The Bay Area Society for Art & Activism, represented by member Elizabeth Travelslight, is presenting Collective Memory, an online archive modeled on Wikipedia with the goal of collecting and making available the prolific and longstanding history of art and activism in the Bay Area. People with knowledge of relevant histories and/or documentary materials are encouraged to contribute to the archive – a scanner and computer are available.
Carrie Hott’s research-based practice reimagines invisible histories through drawing, video, and installation. Her video Power Principles uses the electrical grid to investigate historic and current uses of the word ‘power’; her intuitive mechanical drawings are woven into found instructional footage. She is also currently working on a project to re-envision and transform the Archive Room at the Headlands Center for the Arts.
After researching the history of Chinese migrations at Stanford’s archives, Rose Khor found the richest source material was her collection of old family photographs. The Familiar series of delicate photocollages present these images layered with translucent domestic materials, creating a private symbolic language that both obscures and heightens the gaze of her ancestors and their knowable and unknowable histories.
Since 1999 Richard Lang and Judith Selby Lang have been collecting plastic debris from a 1000 yard stretch of Kehoe Beach in the Point Reyes National Seashore. The resulting collection is a testament to our wasteful and destructive environmental neglect and serves as an anthropological record of the values of our culture. Visitors are asked to help sort and categorize the collection and to identify unknown objects.
Heather Murphy’s new media installation The Trending Project recontextualizes the viral videos and internet content we are bombarded with everyday. In a hyperactive, jarring, absurdist manner, images of violence and social struggle are juxtaposed with vapid entertainment, all of which spread through the internet during the same week. Only virtually present in the space, this work must be accessed through wifi enabled devices.

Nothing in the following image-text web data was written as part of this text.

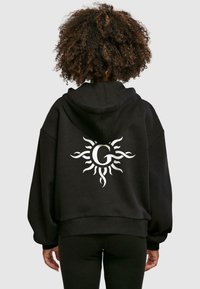 Fekete, oversized kapucnis pulóver, amelyen egy nagy fehér napminta található a hátsó részen egy középen lévő "G" betűvel. Az anyag lágy hatású, laza illeszkedéssel.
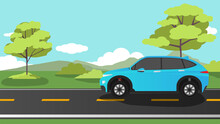 Horizontal View Of EV-Car Driving On Asphalt Road.  Background Of Trees And Green Grass And Mountain. Under The Blue Sky.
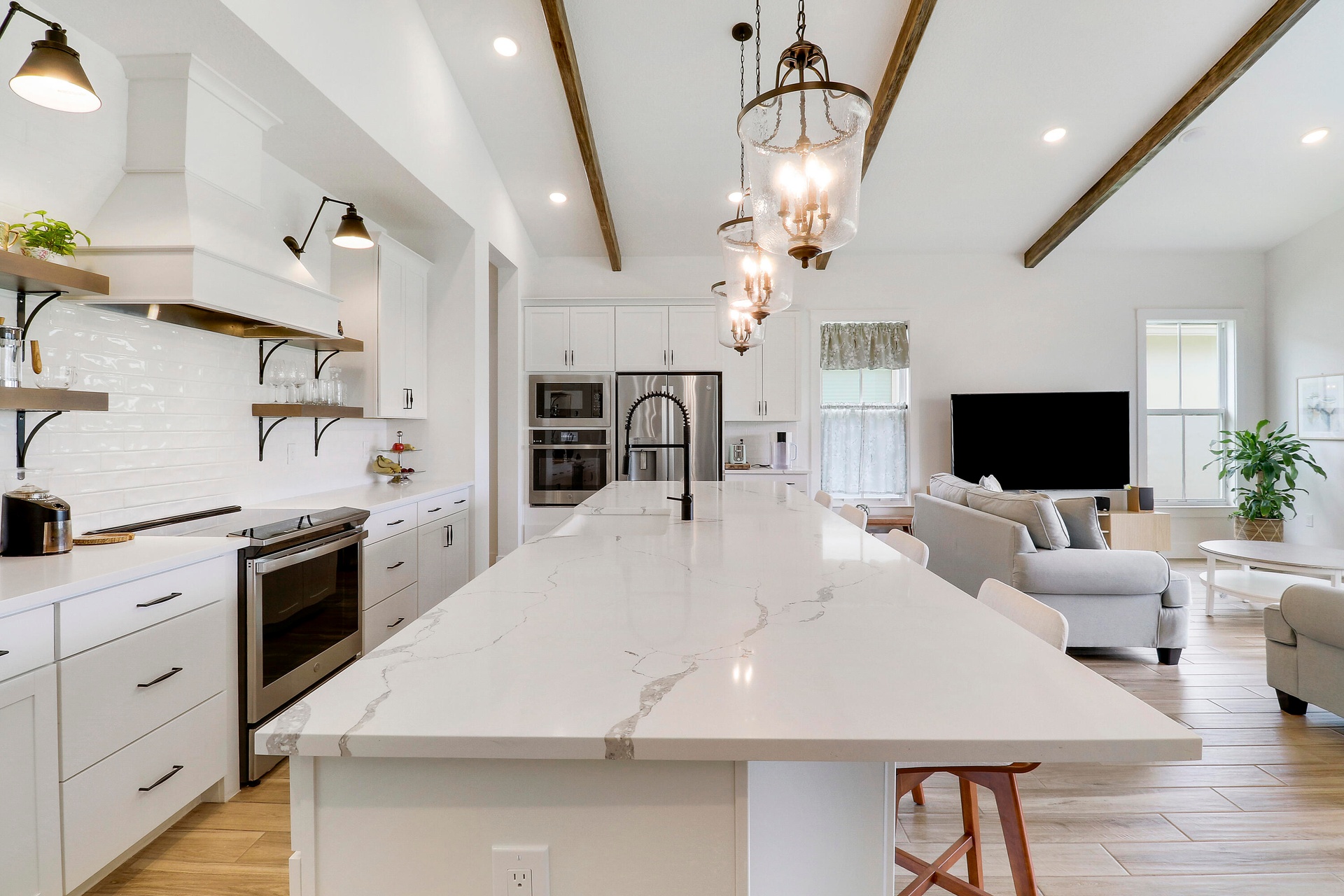 Kitchen featuring a central island with a stone countertop, white shaker cabinetry, stainless steel built-in appliances, decorative ceiling beams, and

Sugata Ray, Assistant Professor of South Asian Art, UC Berkeley Department of Art History, teaches a course Silent Archive/s, among others. He will be presenting several examples from his personal collection of ephemeral objects that embody stories both quotidian and curious from the circulation of people, goods, and information in the colonial era.
Danielle Schlunegger, whose work is influenced by 18th century Wunderkammer (Cabinets of Curiosities), is the founder and curator of the Marcus Kelli Collection. She makes repairs to artefacts and recreates extinct animals based on the field notes and journals of amateur naturalist Marcus Kelli. Stories of an Outsider in Nature presents his discoveries in a portable museum space.
Andrew Ananda Voogel is presenting an installation based on documents he uncovered at an archive in Georgetown, British Guiana that record his Indian great-grandparents’ arrival in the Caribbean as sugar-cane cutters indentured to the British Colonial Government. Paralleling this research, Voogel underwent his own departure, and has spent the last few years traversing the periphery of the West Coast, exploring the geography as archive. The resulting intentionally dim video installation exists on the border of visual perception, overlaying the California landscape with the presence of the Middle Passage.
Tali Weinberg’s Drought Portraits are subtly textured, tinted, and tactile weavings based on historical data from the National Oceanic and Atmospheric Administration’s National Climatic Data Center. The resulting patterns are developed through coded spreadsheet calculations, and woven with California-grown organic cotton dyed with a variety of plant dyes and mineral mordants.
Please join us for an Opening Reception from 4 – 7 pm on Wednesday, October 7th, 2015.